2

I engaged in the following git session noted below. As you see, when I returned to the HEAD of the master branch, git reported that the file y.y was deleted. This was confirmed with ls. But then when I checked out earlier commits and returned to master the file reappeared.

I'm a total beginner with git but I cannot for the life of me understand why git checkout master would give two different results when separated only by read-only commands.

rwilson@855:~/ht$ git log --oneline
f065234 add y.y
04a7340 2nd commit
b6ca522 init commit
rwilson@855:~/ht$ git checkout master
D   y.y
Switched to branch 'master'
rwilson@855:~/ht$ ls
x.x  x.y
rwilson@855:~/ht$ git checkout HEAD~1
Note: checking out 'HEAD~1'.

You are in 'detached HEAD' state. You can look around, make experimental
changes and commit them, and you can discard any commits you make in this
state without impacting any branches by performing another checkout.

If you want to create a new branch to retain commits you create, you may
do so (now or later) by using -b with the checkout command again. Example:

  git checkout -b new_branch_name

HEAD is now at 04a7340... 2nd commit
rwilson@855:~/ht$ ls
x.x  x.y
rwilson@855:~/ht$ git checkout HEAD~1
Previous HEAD position was 04a7340... 2nd commit
HEAD is now at b6ca522... init commit
rwilson@855:~/ht$ ls
x.x
rwilson@855:~/ht$ git checkout master
Previous HEAD position was b6ca522... init commit
Switched to branch 'master'
rwilson@855:~/ht$ ls
x.x  x.y  y.y
Fixee
  • 1,581
  • 2
  • 15
  • 25

2 Answers2

2

I'm guessing a bit, but initially I believe you were in "detached HEAD" mode on commit f065234, which is the commit to which the branch name master points.

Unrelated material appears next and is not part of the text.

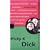 Philip K.Dick (Pocket Essentials)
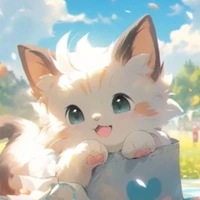 Bảo Bảo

Thus git log --oneline showed you that commit and its two ancestors.

For whatever reason, while on that commit, you (or something you did) deleted file y.y.

First, let's get into that state.

$ cd /tmp; mkdir repo; cd repo
$ git init
Initialized empty Git repository in /tmp/repo/.git/
$ echo 'first file x.x' > x.x
$ git add x.x
$ git commit -m 'init commit'
[master (root-commit) 63ddf00] init commit
 1 file changed, 1 insertion(+)
 create mode 100644 x.x
$ echo 'second file x.y' > x.y
$ git add x.y
$ git commit -m '2nd commit'
[master 62cb693] 2nd commit
 1 file changed, 1 insertion(+)
 create mode 100644 x.y
$ echo 'third file y.y' > y.y
$ git add y.y
$ git commit -m 'add y.y'
[master b4c61d1] add y.y
 1 file changed, 1 insertion(+)
 create mode 100644 y.y
$ 

Now we just need to "detach HEAD":

$ git checkout --detach master
Note: checking out 'master'.

You are in 'detached HEAD' state. You can look around, make experimental
changes and commit them, and you can discard any commits you make in this
state without impacting any branches by performing another checkout.

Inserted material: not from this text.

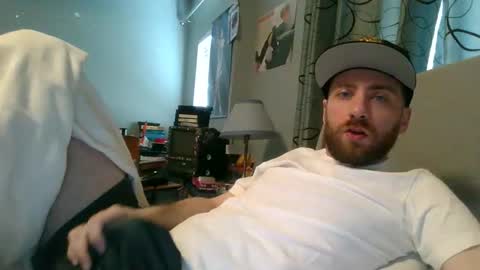 jacobjackpot123 online show from February 9, 2026, 6:12 pm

If you want to create a new branch to retain commits you create, you may
do so (now or later) by using -b with the checkout command again. Example:

  git checkout -b new_branch_name

HEAD is now at b4c61d1... add y.y
$ 

Next, we remove y.y, and ask git to switch to branch master. We'll see the D state for file y.y, just as you did:

$ rm y.y
$ git checkout master
D   y.y
Switched to branch 'master'
$ 

The reason I did the "detach HEAD" step above was that if I had not, I would get slightly different output. I can show you that now by just repeating the git checkout master command:

$ git checkout master
D   y.y
Already on 'master'
$ 

In both cases, though, the thing here is that git is already at the commit you're asking for. It therefore does not have to touch the work directory at all—so it doesn't.

But something else did! In fact, it was my rm y.y command. I removed the file. Git can see that the file is missing, so it announces this with the D line.

Next, you asked git to check out the previous commit (HEAD~1 aka master~1, which is commit 04a7340 in your repository—mine is 62cb693, as seen in the git commit output above, because I am not you, my files probably contain different data, and so on: my repository is different which makes all my SHA-1s different).

To switch to that commit, git must remove the file y.y: that file is in commit f065234 and not in commit 04a7340. The file is already missing, which makes git's job really easy: it "removes" the non-existent file by doing nothing.

From this point on, if you ask git to check out commit master—i.e., commit f065234—git will have to put file y.y into your work directory. You did this in a few extra steps (checking out b6ca522 first, which also lacks y.y, and only then checking out f065234) but you got there, which means git re-extracted y.y from the underlying repository, placing it in your work directory.


Note: be careful here, git checkout has a different usage pattern that easily can erase work. This mode is spelled git checkout commit -- path in the documentation, e.g., git checkout HEAD -- x.x. Unfortunately, it is (in my opinion) too easy to accidentally invoke this other usage pattern. The next section is only about git checkout commit, not git checkout commit -- path. I'll insert a brief section about the path version after this.


As a general rule, whatever commit SHA-1 you're on—whether detached, or via a branch name—what git does when you ask it to check out another commit is to see what files need to be added, removed, or modified in the work directory, by comparing the two commits. (If the two commits are the same, the result is simple: no files need changing. Please think about this carefully with respect to your first comment below: if you're already on 1234567 and you git checkout 1234567, no files need changing, so git checkout simply does git status.)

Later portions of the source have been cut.